[Opening Records provided section]
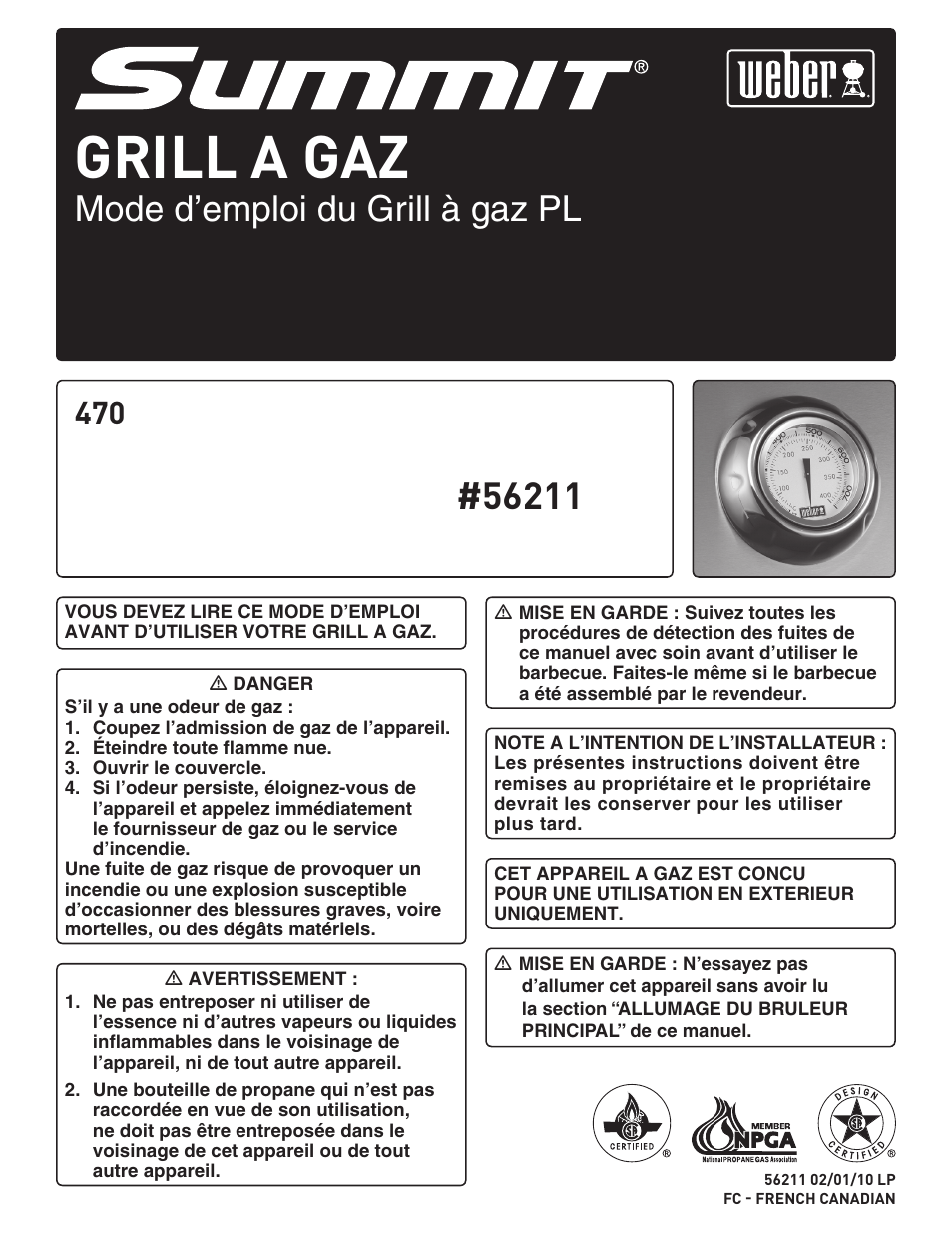 Grill a gaz, Mode d’emploi du grill à gaz pl | weber Summit E/S 470 LP User Manual | Page 73 / 110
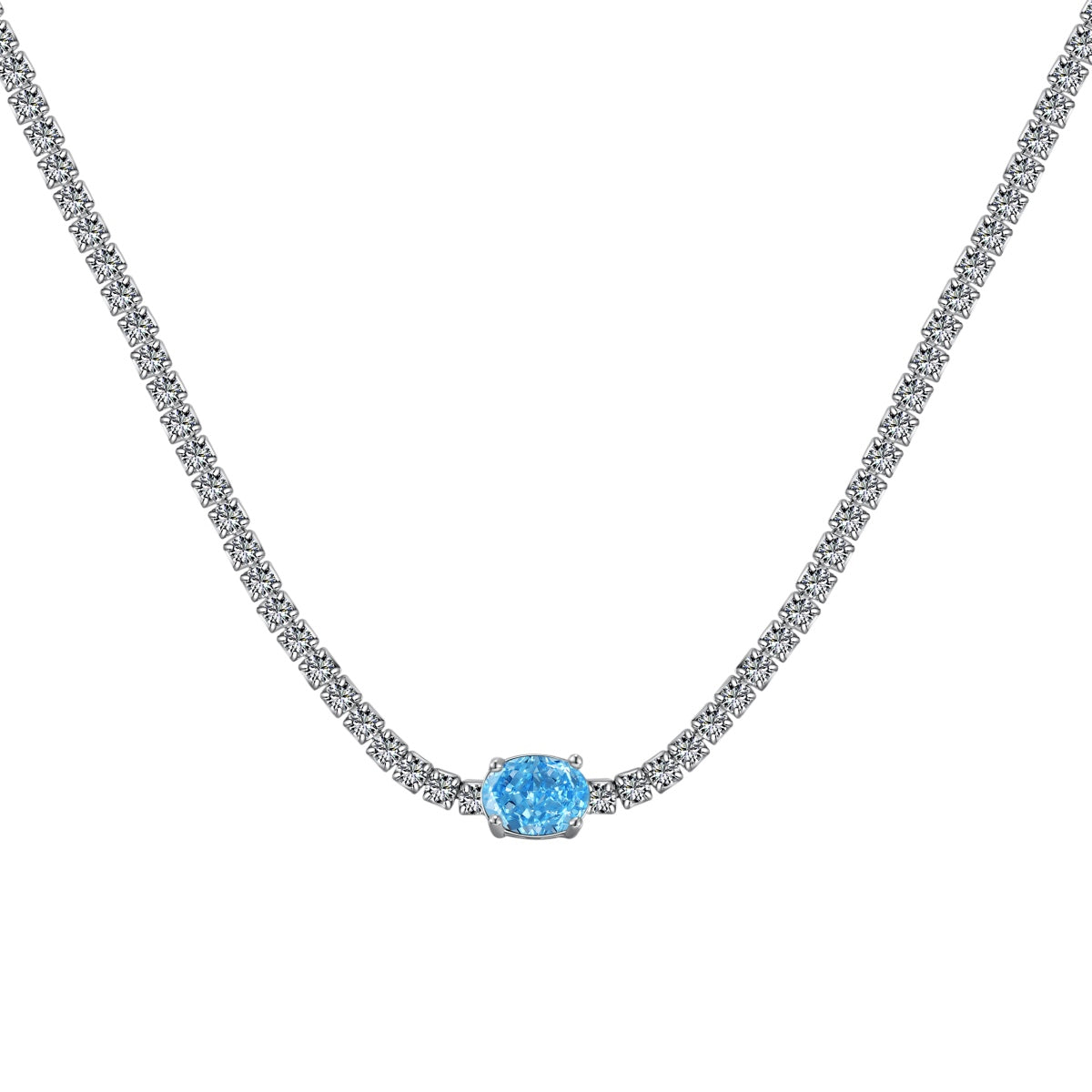 [Amore]1.0 Carat Shining Oval Cut Necklace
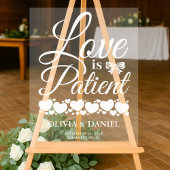 Love is Patient Wedding Welcome Acryl Bord
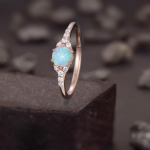 Ethiopian Opal CZ Solid 925 Sterling Silver Rose Gold naiste s&otilde;rmus, pruutneitsi kingitused, k&auml;sitsi valmistatud ehted, abielus&otilde;rmus 5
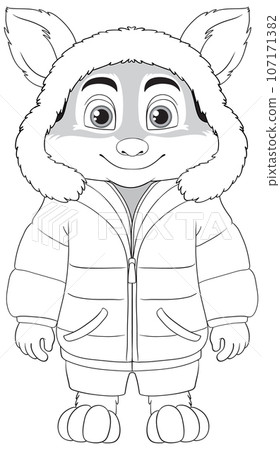 Winter Coat-Wearing Fox Cartoon Character Outline Winter Coat-Wearing Fox Cartoon Character Outline 107171382
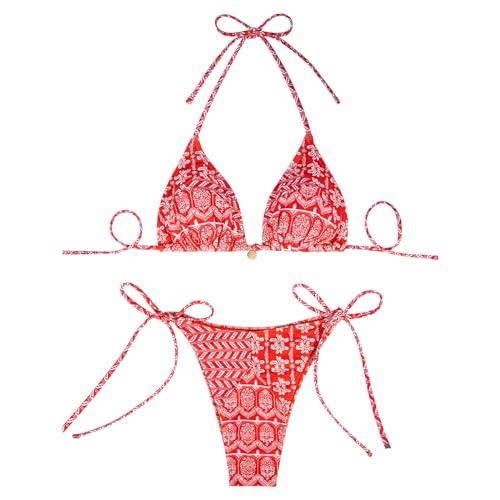 Bikini taille haute deux pièces imprimé pour femme chic et élégant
[Closing Records provided section]
**Exercise aim:** Your answer should contain all the material above, written out exactly, and none of the pictures.

**Answer to this exercise:**
 Grill a gaz, Mode d’emploi du grill à gaz pl | weber Summit E/S 470 LP User Manual | Page 73 / 110
 [Amore]1.0 Carat Shining Oval Cut Necklace
 Love is Patient Wedding Welcome Acryl Bord
 Ethiopian Opal CZ Solid 925 Sterling Silver Rose Gold naiste s&otilde;rmus, pruutneitsi kingitused, k&auml;sitsi valmistatud ehted, abielus&otilde;rmus 5
 Winter Coat-Wearing Fox Cartoon Character Outline Winter Coat-Wearing Fox Cartoon Character Outline 107171382
 Bikini taille haute deux pièces imprimé pour femme chic et élégant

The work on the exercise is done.